Julián Joxe nunca fue mal chico.
Travieso como la media, más o menos, y de joven sí que pasó por un período algo
bala. Ardores juveniles le llevaron a ser atleta rural, pentatleta, y a apropiarse
de alguna esfera pétrea de verja de casa noble para sus entrenamientos, actos
más de pícaro que de ladrón. Casó con Luisi y se instaló en el pueblo y
domicilio de los padres de ella. Casa y pueblo, entró con buen pie. No se le
recordaban defectos reseñables, salvo ese pequeño exceso de mundanía que
algunos profesionales autónomos prósperos suelen asomar hasta que se les va
haciendo próximo el momento de la pensión. Hasta fue elegido concejal.
Un buen día la discusión de la
esposa con sus padres se acaloró más de lo normal y Julián Joxe, expeditivo,
adoptó una decisión que, vista desde hoy, fue más digna que inteligente. Salió
de aquella casa argumentando que su mujer, la hija de la casa, nunca más
volvería a ser tratada de aquella manera. La esposa no cruzó el umbral y
nuestro personaje se tuvo que venir para el pueblo sin compañía. Los días que
le sucedieron la comidilla fueron las vueltas que Julián Joxe daba a la
centralita telefónica con las intenciones que todos le suponíamos.

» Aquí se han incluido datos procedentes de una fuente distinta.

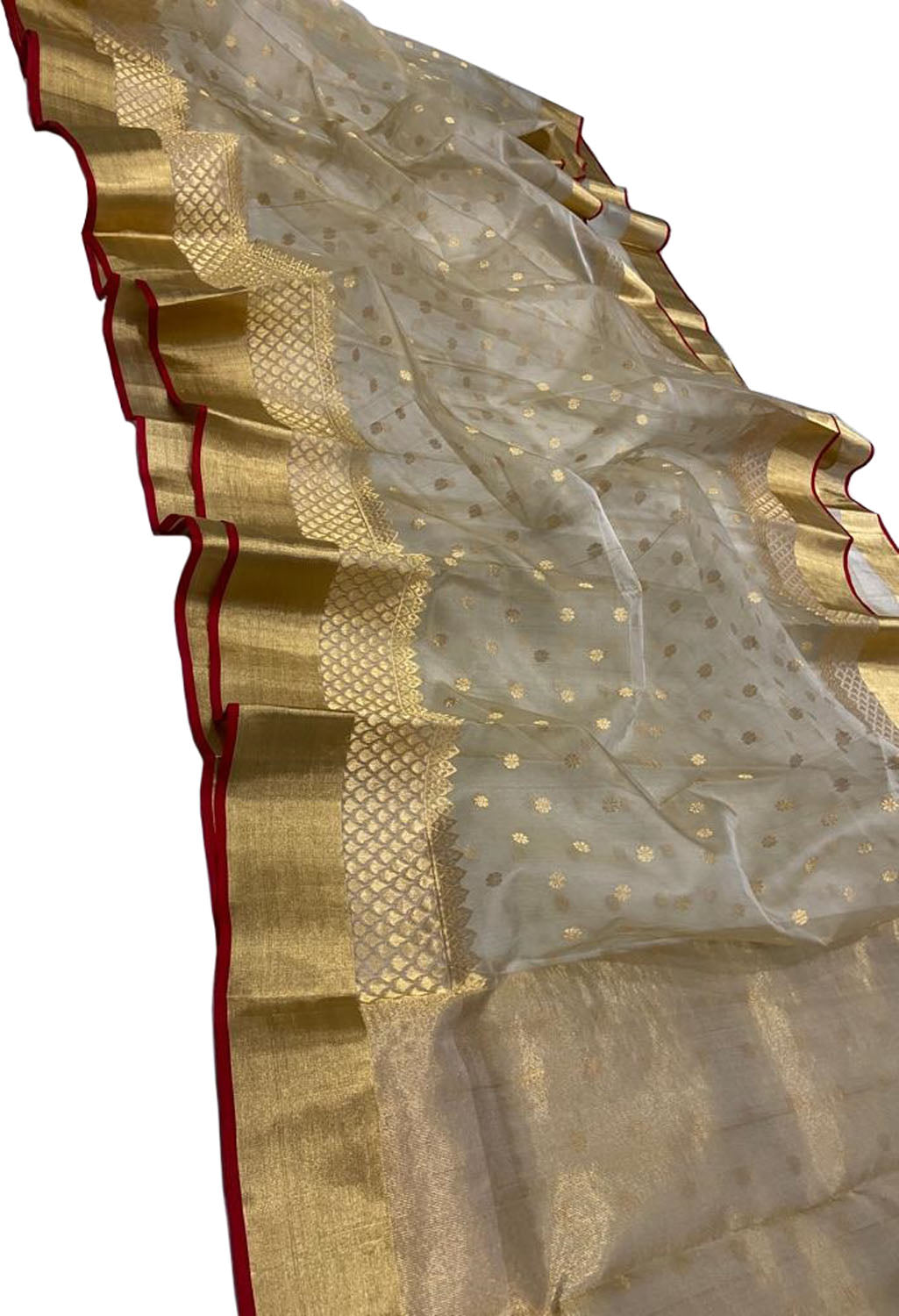 Exquisite Golden Chanderi Handloom Pure Katan Silk Saree: Timeless Elegance - Luxurion World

A mí mismo me pasó un día que discutí y
salí de casa sin mi habitual servicio de escolta. Cerrada la puerta me di
cuenta de mi situación. Llovía y no había alma en la calle, me refugié en mi
paraguas. No volví a casa hasta que no tuve conciencia de que mi felicidad dependía
de factores que eran mucho más importantes que una falsa sensación de
indignidad.
Cuánto me acuerdo de Julián Joxé, y de
mi paseo sin escolta, cuando me llegan los ecos, pavorosos muchos, del Brexit y del procés. Pena, no envidia.